Emergence Setting and Hydrology

Helocrene spring, Apache Sitgreaves National Forest, Arizona.

Emerges from low gradient wetlands; often indistinct or multiple sources seeping from shallow, unconfined aquifers.

For Example: Soap Holes, Elk Island National Park, Alberta, Canada


Sketch of Helocrene spring type. A=aquifer; I=impermeable stratum; S=spring source. The inverted triangle represents the water table or piezometric surface. Fault lines are shown where appropriate.

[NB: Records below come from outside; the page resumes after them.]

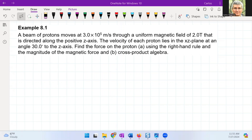Example 8.1: A beam of protons moves at 3 times 10 to the 5 meters per second through a uniform magnetic field of 2 tesla that is directed along the positive z-axis. The velocity of each proton lies in the xz plane at an angle of 30 degrees to the z-axis. Find the force on the proton using the right-hand rule and using the cross-product algebra.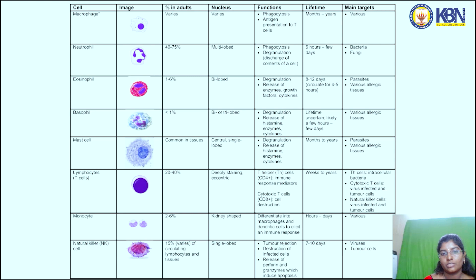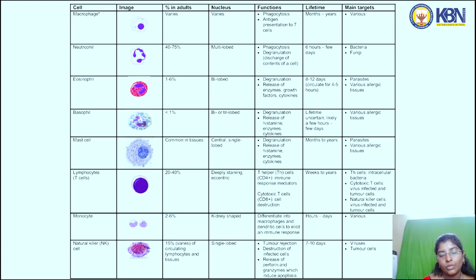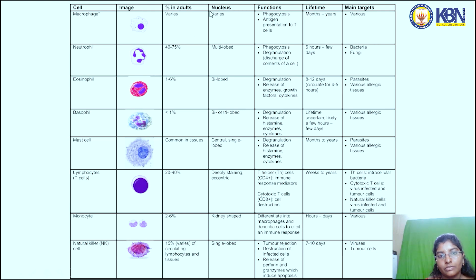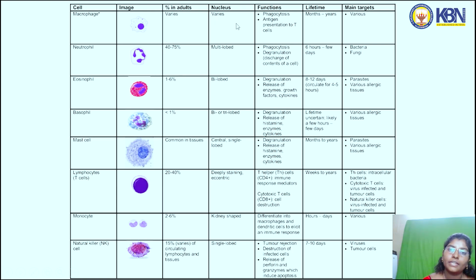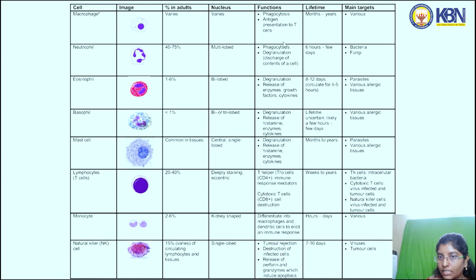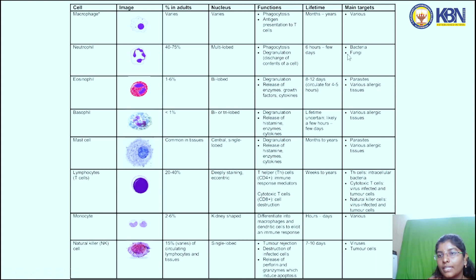Cells of the immune system: First, macrophages. The percentage of macrophages in adults varies, and the nucleus also varies. Their functions include phagocytosis and antigen presentation to T-cells. Their lifetime is months to years and their main targets are various.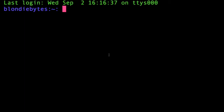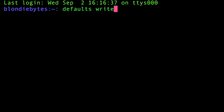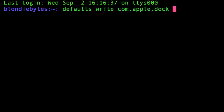To do this, we open the Terminal. It's a simple terminal command — we use 'defaults', which accesses the defaults within our system, and then 'write', which is going to change or add something to our defaults. Then we specify 'com.apple.dock' because that's what we're accessing.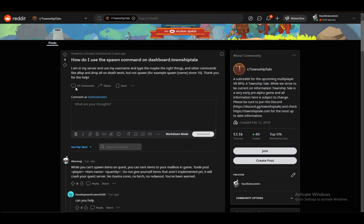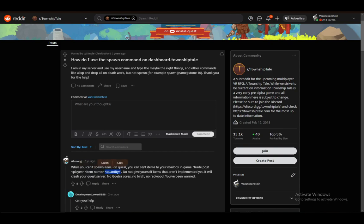You can, however, use another command to add items to your mailbox in-game. You can enter the command 'trade post' and after that you write your player name, add your item name—in this case, crystals—and add the quantity of the item that you want.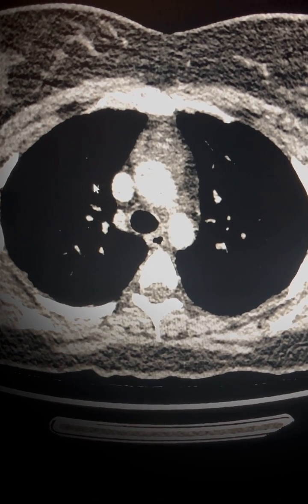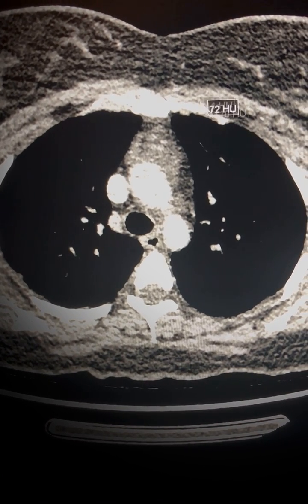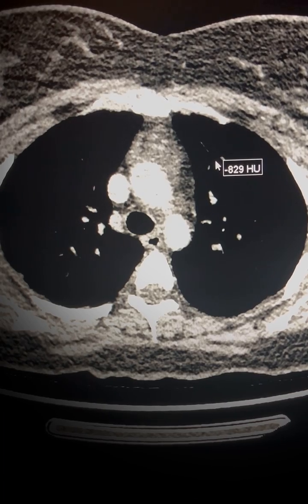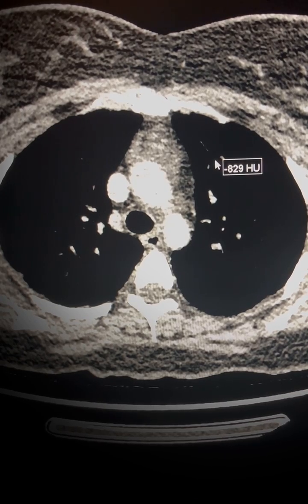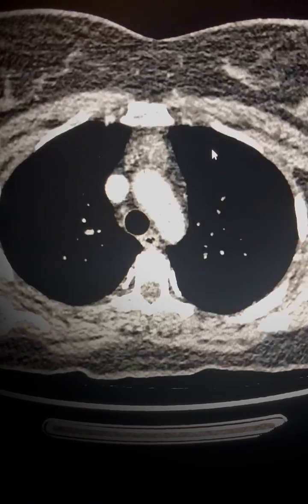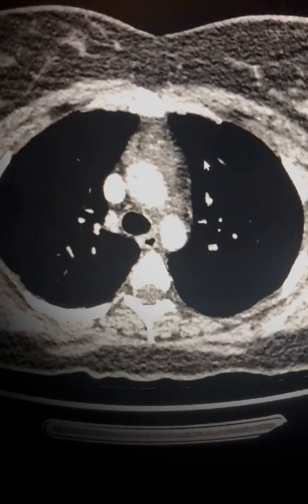On this video we will be reviewing some of the features of thymic hyperplasia and how to differentiate this from other entities that occur in the thymic region.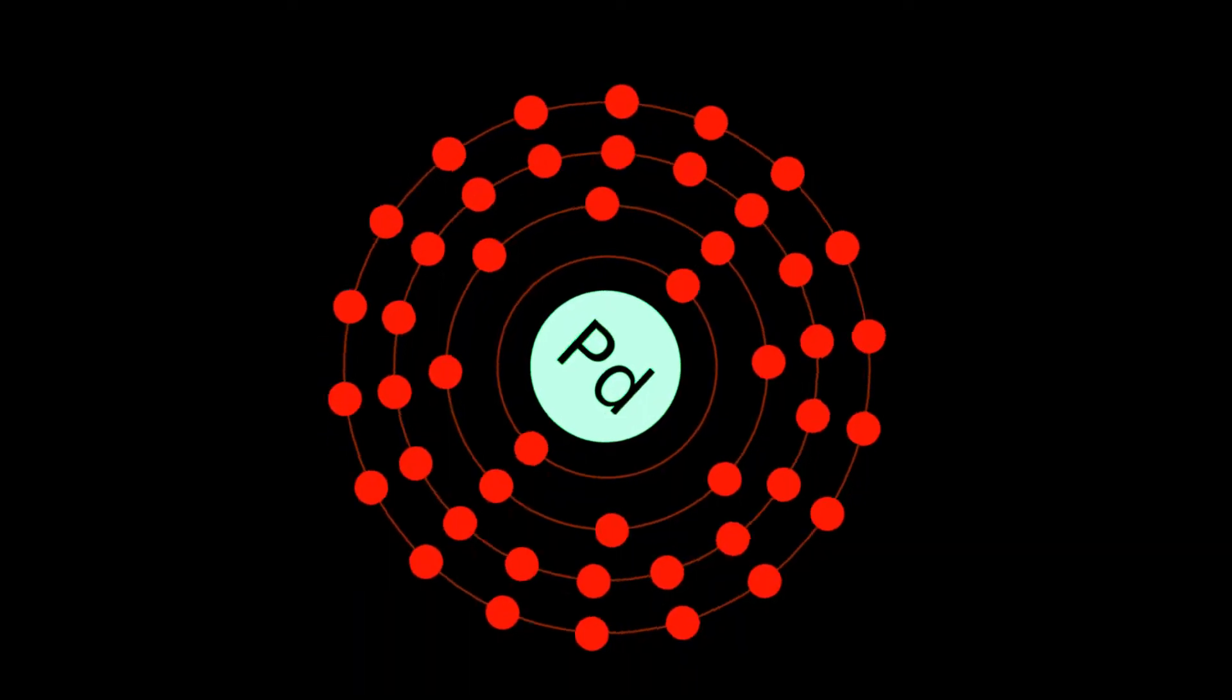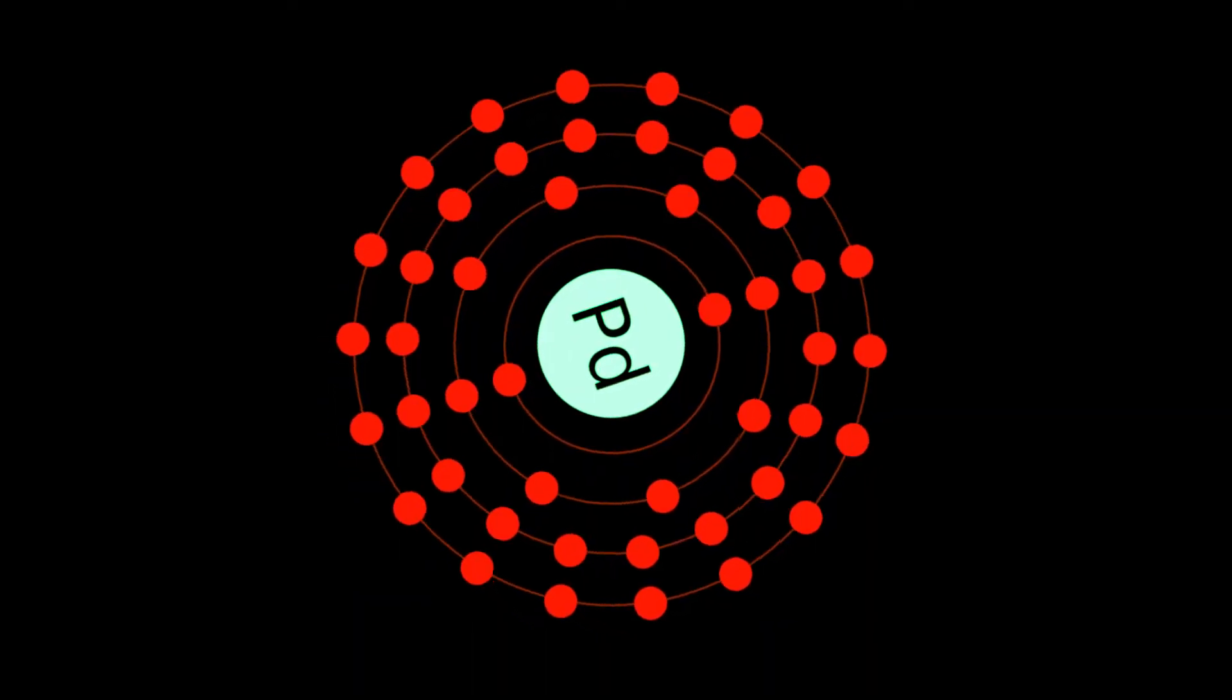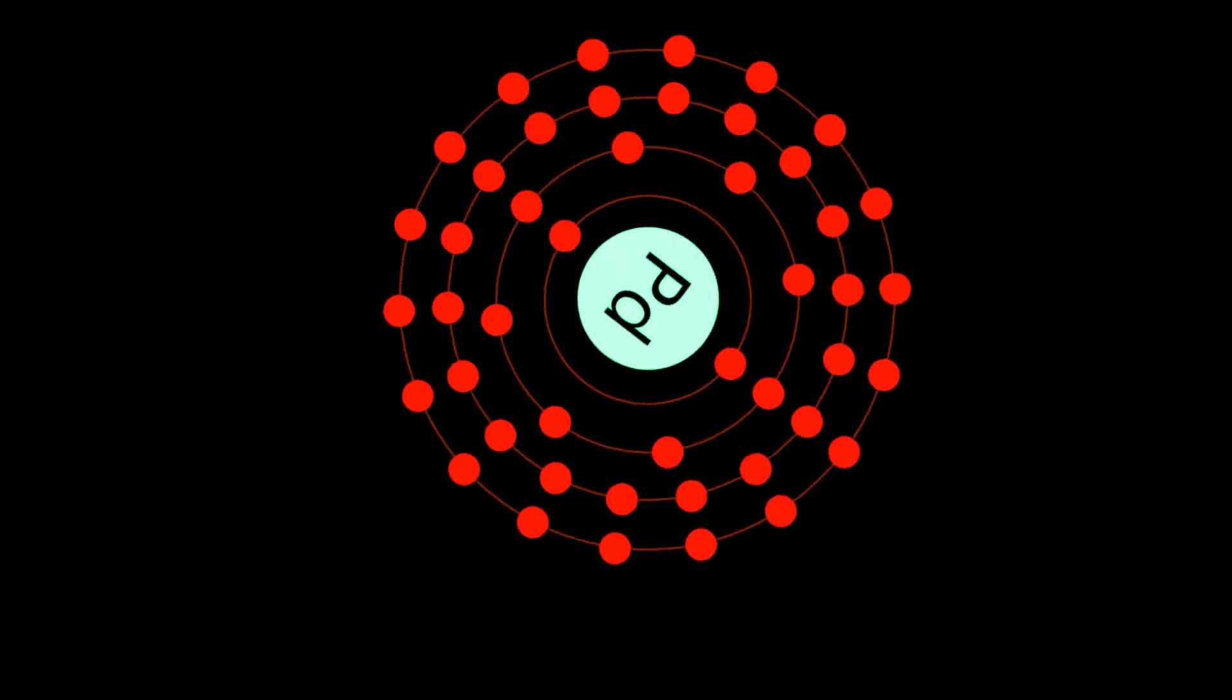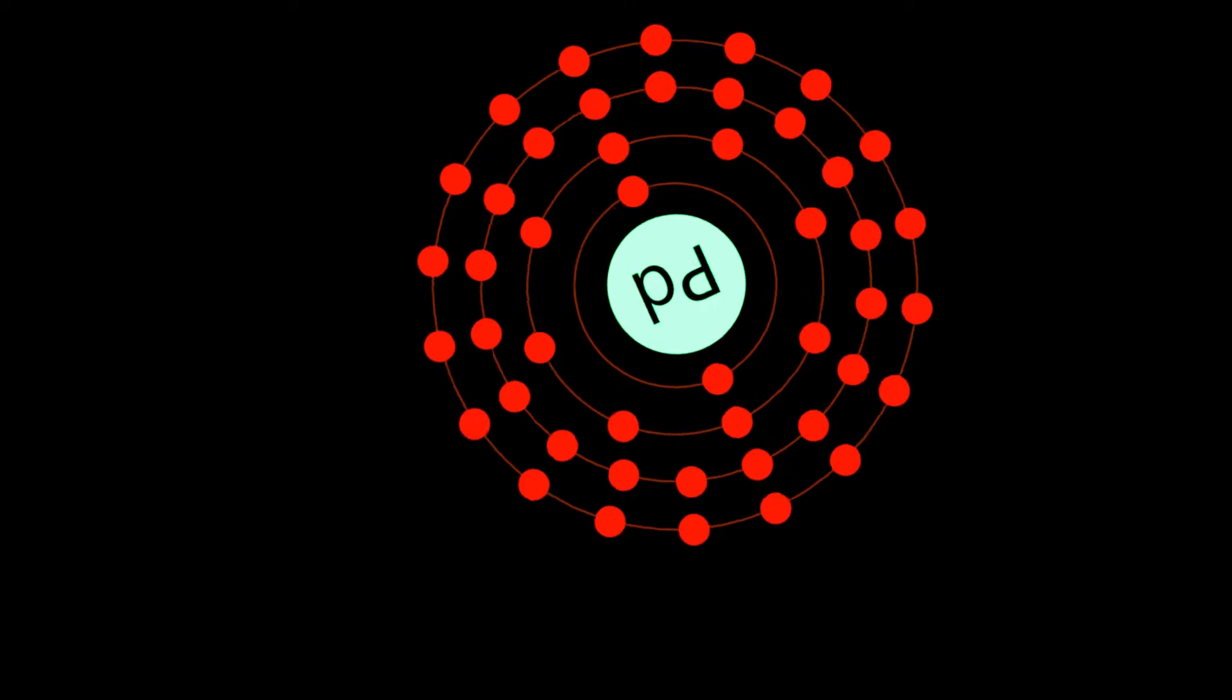Palladium is a chemical element with symbol Pd and atomic number 46.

Helocrene springs emerge diffusely in a marshy, wet meadow setting rather than having a discrete source. Hynes (1970) distinguished helocrenes from limnocrene types described by Bornhauser (1913). Alberta's well-known soap holes (mud springs) provide examples of helocrenes. Similar to quicksand, these features are "a part of the land surface characterized by a local weakness of limited extent underlain by a mixture of sand, silt, clay, and water"  (Toth 1966). Groundwater discharge from these helocrenes is typically saline. Other helocrenes may have fresh water, but low oxygen concentrations, yet still support many wetland species. Hot water emerges from some helocrenes where they support primarily bacteria, while hypersaline helocrenes can support marine relict taxa (Grasby and Londry 2007).